Report on Instances of US Forces Abroad

Thanks to Steven Aftergood's post Instances of US Forces Abroad I learned of a new Congressional Research Service report of the same name -- Instances of Use of United States Armed Forces Abroad, 1798-2010 (pdf). From the introduction:

Eleven times in its history the U.S. has formally declared war against foreign nations. These eleven U.S. war declarations encompassed five separate wars: the war with Great Britain declared in 1812; the war with Mexico declared in 1846; the war with Spain declared in 1898; the First World War, during which the U.S. declared war with Germany and with Austria-Hungary during 1917; and World War II, during which the U.S. declared war against Japan, Germany, and Italy in 1941, and against Bulgaria, Hungary, and Rumania in 1942.

Some of the instances were extended military engagements that might be considered undeclared wars. These include the Undeclared Naval War with France from 1798 to 1800; the First Barbary War from 1801 to 1805; the Second Barbary War of 1815; the Korean War of 1950-1953; the Vietnam War from 1964 to 1973; the Persian Gulf War of 1991; global actions against foreign terrorists after the September 11, 2001, attacks on the United States; and the war with Iraq in 2003. With the exception of the Korean War, all of these conflicts received Congressional authorization in some form short of a formal declaration of war. Other, more recent instances often involve deployment of U.S. military forces as part of a multinational operation associated with NATO or the United Nations.
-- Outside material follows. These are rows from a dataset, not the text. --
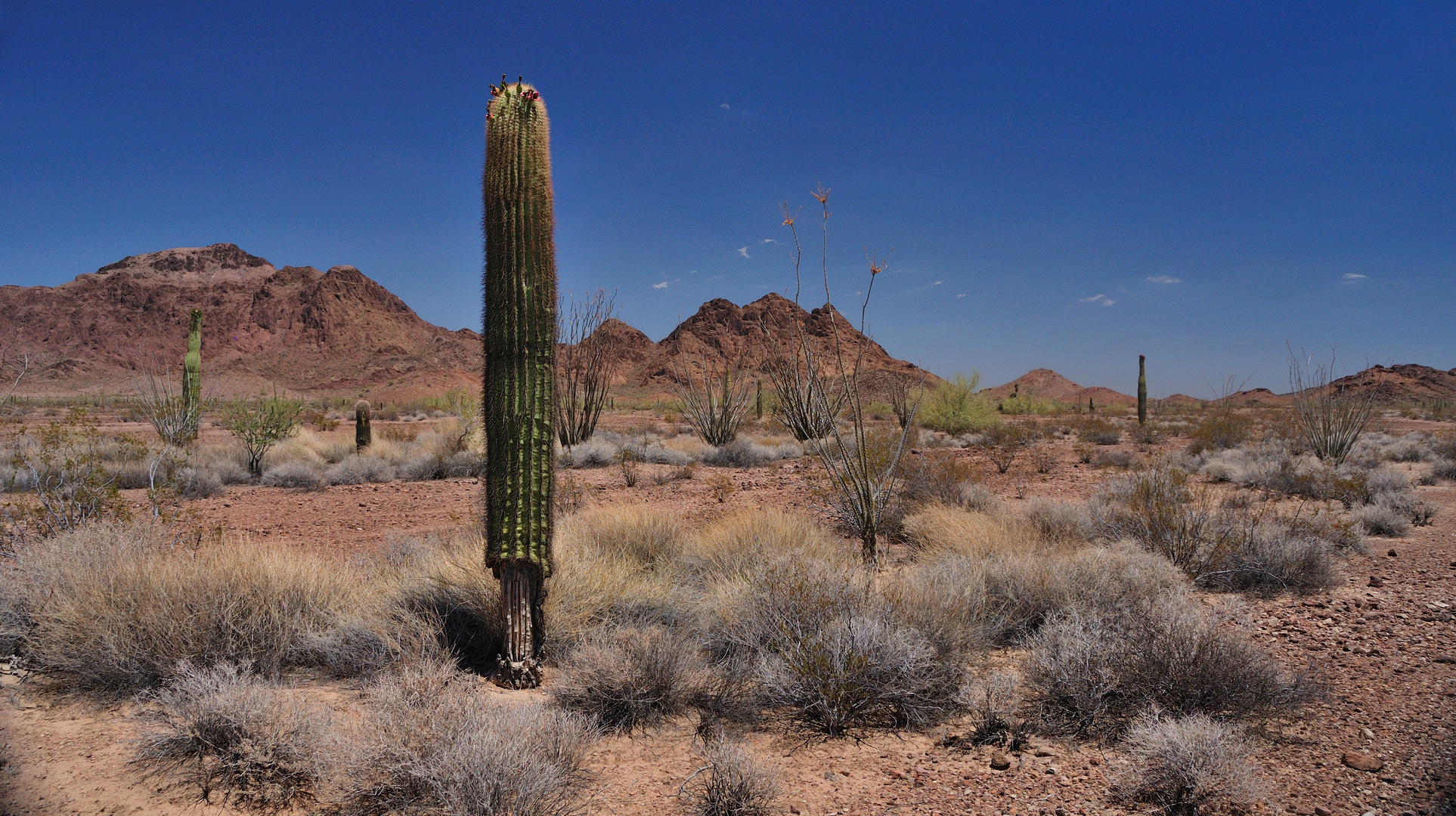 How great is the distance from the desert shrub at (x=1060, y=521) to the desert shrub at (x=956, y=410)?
15.2 meters

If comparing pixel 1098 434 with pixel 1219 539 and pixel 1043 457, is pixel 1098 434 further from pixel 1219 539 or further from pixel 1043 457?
pixel 1219 539

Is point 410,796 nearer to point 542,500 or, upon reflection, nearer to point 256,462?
point 542,500

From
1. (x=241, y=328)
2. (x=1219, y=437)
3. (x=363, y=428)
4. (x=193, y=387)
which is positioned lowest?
(x=1219, y=437)

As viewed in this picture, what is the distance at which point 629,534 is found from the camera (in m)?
6.43

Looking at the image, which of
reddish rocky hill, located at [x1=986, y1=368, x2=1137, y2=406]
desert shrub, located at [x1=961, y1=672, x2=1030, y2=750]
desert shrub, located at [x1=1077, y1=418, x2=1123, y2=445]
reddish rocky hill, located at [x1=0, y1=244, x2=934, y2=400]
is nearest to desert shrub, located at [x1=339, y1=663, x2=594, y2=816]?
desert shrub, located at [x1=961, y1=672, x2=1030, y2=750]

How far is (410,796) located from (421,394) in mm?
62527

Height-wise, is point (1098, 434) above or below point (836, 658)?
above

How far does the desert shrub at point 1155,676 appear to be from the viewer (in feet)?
11.5

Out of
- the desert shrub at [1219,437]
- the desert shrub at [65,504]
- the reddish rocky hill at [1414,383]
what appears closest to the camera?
the desert shrub at [65,504]

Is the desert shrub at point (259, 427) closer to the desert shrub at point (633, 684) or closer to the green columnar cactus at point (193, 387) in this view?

The majority of the instances listed prior to World War II were brief Marine or Navy actions to protect U.S. citizens or promote U.S. interests. A number were actions against pirates or bandits. Covert actions, disaster relief, and routine alliance stationing and training exercises are not included here, nor are the Civil and Revolutionary Wars and the continual use of U.S. military units in the exploration, settlement, and pacification of the western part of the United States.


The report includes 28 pages (!) summarizing over 200 years of US military activities on foreign soil. It's quite a read. For example, the first entry for China reads:

1843: China. Sailors and marines from the St. Louis were landed after a clash between Americans and Chinese at the trading post in Canton.

The first entry for Russia is:

1818: Oregon. The U.S.S. Ontario, dispatched from Washington, landed at the Columbia River and in August took possession of Oregon territory. Britain had conceded sovereignty but Russia and Spain asserted claims to the area.

This is a good resource for military historians.